─── EXTRACTED MATERIAL
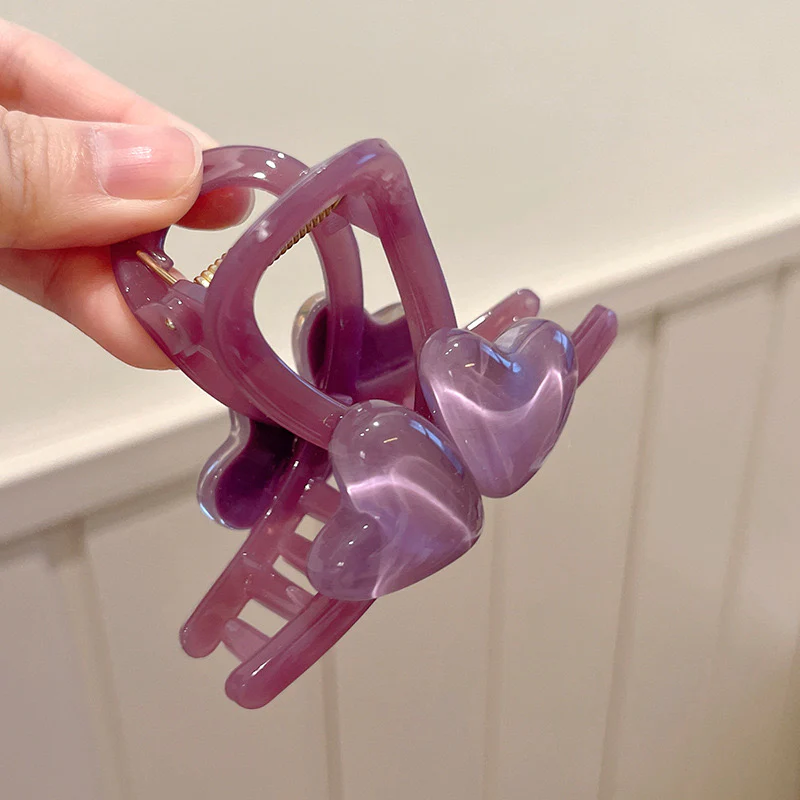 Bubblegum Kisses Claw Clip - Image 4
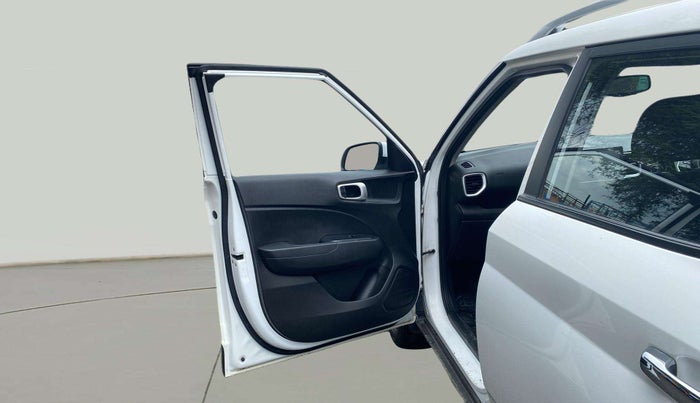 2022 Hyundai VENUE SX PLUS 1.0 TURBO DCT, Petrol, Automatic, 76,245 km, LHS Front Door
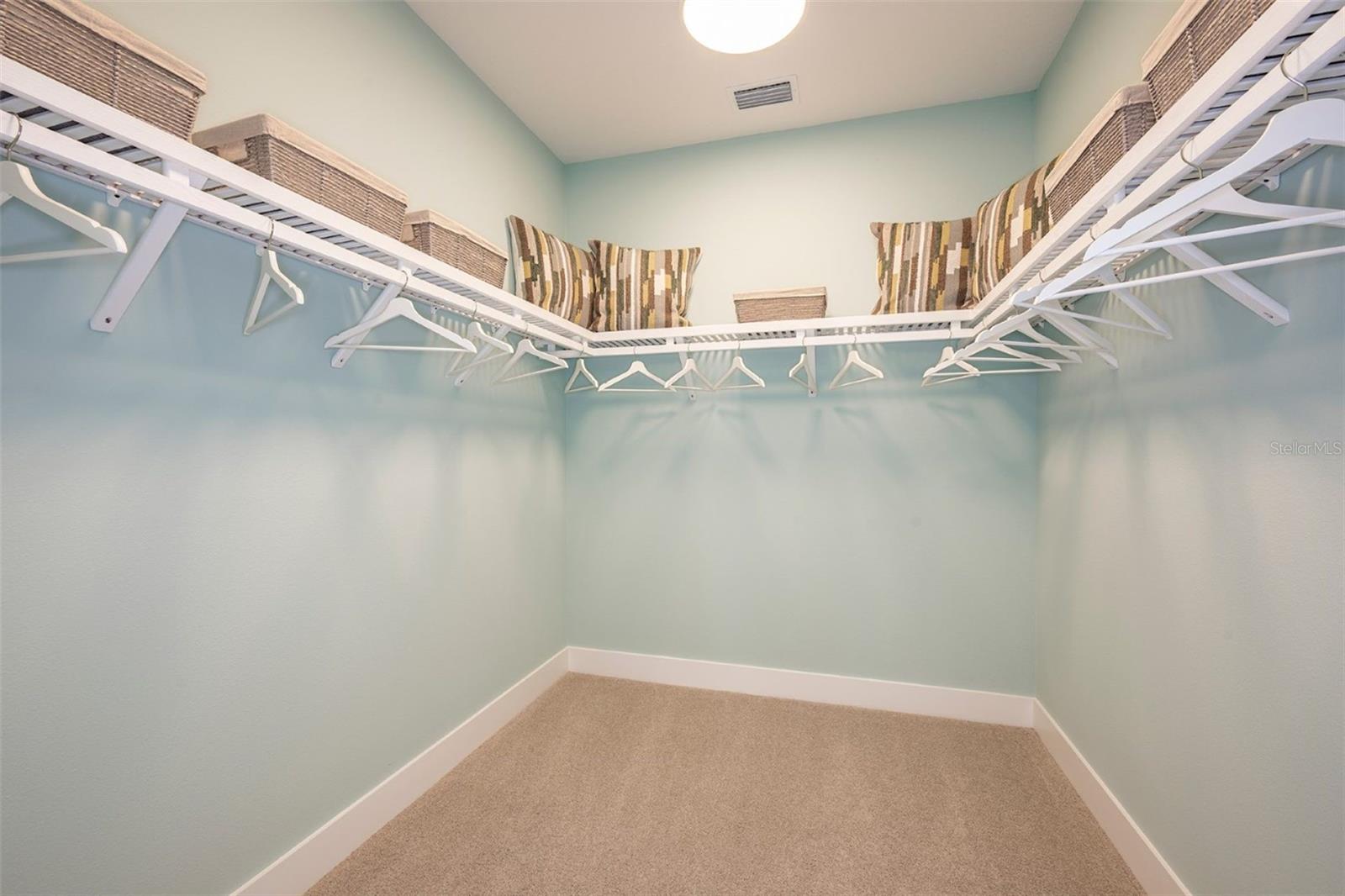 Image 8 of 23 For 17939 Cropside Trail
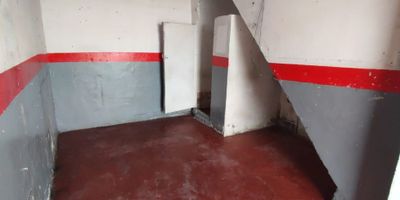 Se alquila local en el barrio el Prado. Mide 10 metros por dos. Excelente ubicación en zona comercial. Cuenta con 1 baño. 
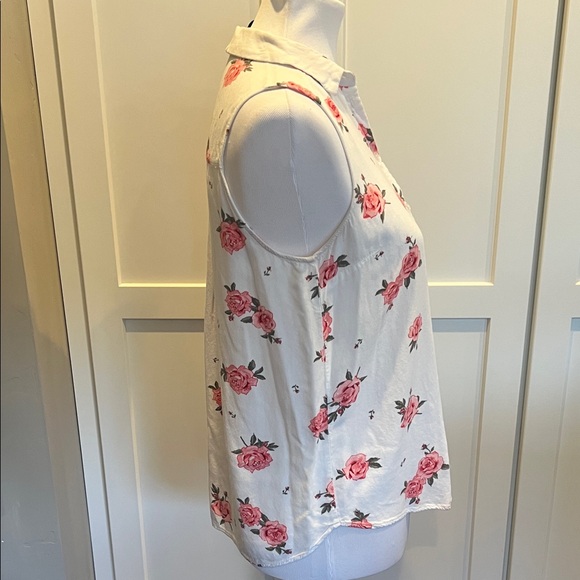 H&M White Floral Button-Down Shirt - Picture 4 of 6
──────
AIM OF THE EXERCISE:
Reproduce precisely the lines of the listing above, from the line containing "Se alquila local" to the last line, both ends included. Pictures are to be omitted.

RESPONSE BOX:
 Se alquila local en el barrio el Prado. Mide 10 metros por dos. Excelente ubicación en zona comercial. Cuenta con 1 baño. 
 H&M White Floral Button-Down Shirt - Picture 4 of 6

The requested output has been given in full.